Bernard Drainville fait la promotion d’une pétition pour le retour du crucifix à l’hôpital St-Sacrement de Québec, fondé en 1927 par la congrégation des Soeurs de la Charité.
Pour quelqu’un qui se targuait d’avoir concocté une charte laïque et non de viser seulement les symboles religieux autres que catholiques avec elle, sous le couvert d’un impératif patrimonial et historique, c’est loin d’être logique.
Ça donne le goût de ramener un de ses arguments forts pour interdire particulièrement le port du voile pour les employés de l’État. Il donnait l’exemple fictif d’un musulman homosexuel qui se retrouverait, dans un centre de santé sous l’égide de l’État, devant une professionnelle voilée. Il arguait avec raison, à mon sens, le malaise du citoyen. Bernard Drainville disait que l’apparence de cette femme pourrait donner à penser à cedit citoyen qu’elle pourrait juger négativement son orientation sexuelle, entre autres, pour montrer un des bienfaits de la neutralité représentative qu’il défendait avec sa charte. (L’expression « neutralité représentative » vient de moi, mais elle dit bien ce qu’elle a à dire…)
Donc, le malaise. Ce qui se défend très bien dans l’optique où le citoyen, selon ma vision de la laïcité, n’a pas à se trouver devant quelconque élément chargé symboliquement avec lequel il ne serait pas d’accord ou inconfortable, dans son rapport avec l’État. Alors, prenons le même argument, mais transformons-le à la sauce catholique. Pensons à un autre citoyen fictif, qui fréquenterait l’hôpital St-Sacrement de Québec. Il aurait vécu une situation traumatisante avec un membre du clergé étant jeune, ce qui est loin d’être fictif au Québec… En plus, rajoutons que cet homme ne peut pas s’empêcher de penser à cette situation chaque fois qu’il voit un symbole relié au catholicisme. Bernard Drainville pourrait-il avoir autant d’empathie laïque pour cet homme, alors que celui-ci verrait d’un très mauvais oeil le possible retour du crucifix dans l’hôpital qu’il fréquente?
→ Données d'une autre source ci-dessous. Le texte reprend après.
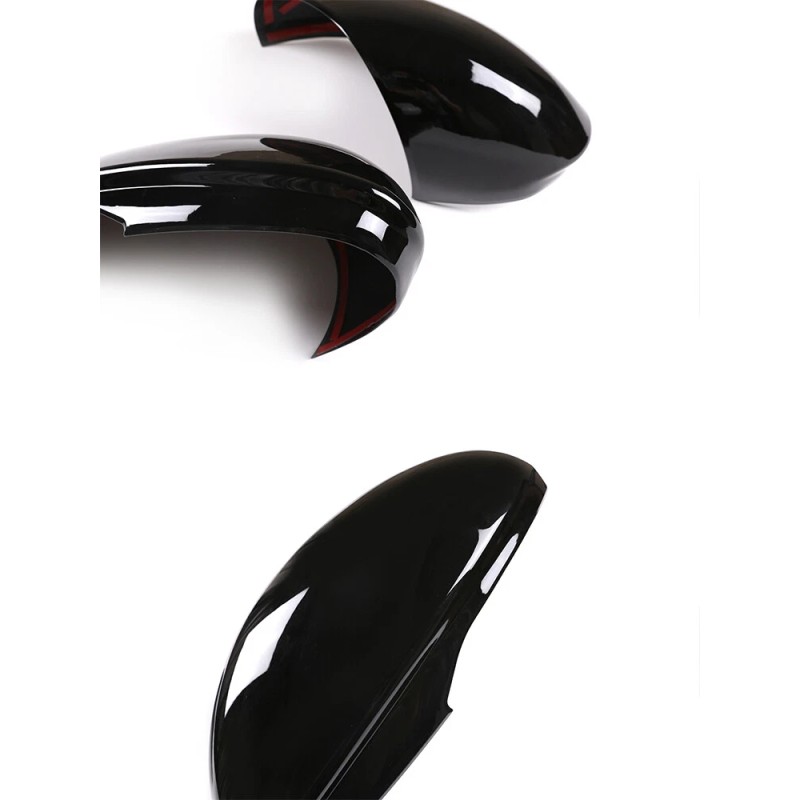 e-power-auto-Trim For Alfa Romeo Giulia 2017-2022 Side Rearview Mirror Caps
Voilà à quoi l’argument patrimonial se bute. Tout comme pour l’argument essentialiste qui dit qu’un signe religieux, dans l’espace civique, est plus important – pour la personne qui le porte ou l’institution qui l’exhibe sur ses murs – que la réaction hypothétiquement négative de l’ensemble des citoyens envers qui l’État est redevable. On pourrait tenter de réduire cette réaction négative à la plus basse morale, comme la xénophobie religieuse ou même encore pire, le racisme, mais à la base l’État n’a pas à juger de la teneur des malaises. Plutôt, de faire en sorte de les réduire le plus possible à la source en ayant une apparence de neutralité, pour accompagner ce qu’on attend de l’État comme neutralité dans le traitement. Et s’il faut l’ajouter, les raisons d’avoir des réactions négatives devant les signes religieux comprennent aussi et surtout, espérons-le, des opinions en lien avec la justice sociale.
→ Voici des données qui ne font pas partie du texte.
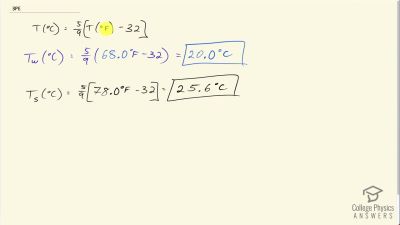 OpenStax College Physics Answers, Chapter 13, Problem 3 video poster image.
Mais revenons à l’argument essentialiste, dont se sert l’argument patrimonial, même si ceux qui s’en servent réussissent à pourfendre l’argument essentialiste quand il sert à défendre ce qui est en dehors du patrimoine catholique… S’il est essentiel que le patrimoine religieux catholique ait sa place dans les institutions comme les hôpitaux et l’Assemblée nationale, pour entre autres faire plaisir à ceux qui ont à coeur ce patrimoine, il devrait en être de même pour ceux qui ont tellement à coeur leurs convictions religieuses qu’ils doivent l’exhiber même quand ils travaillent pour l’État. C’est une question de logique. Encore plus une question d’équité.
Si la laïcité est comprise et admise comme excluant les signes religieux de toutes les religions, autant sur les gens que sur les murs, elle ne devrait pas octroyer des privilèges, des « accommodements raisonnables», à celle qui rejoint le plus grand nombre, au nom du patrimoine. D’autant plus qu’il n’est question que de la sphère civique : la sphère publique continuera de magnifier ce patrimoine. Et si la laïcité est finalement comprise et admise comme incluant les signes religieux de toutes les religions, autant sur les gens que sur les murs, ne nous surprenons pas de voir dans le futur s’amplifier cette guerre qui est déjà en cours pour gagner des territoires symboliques. Ce qui grugera aussi, à terme, toutes les avancées sociales de la sécularisation.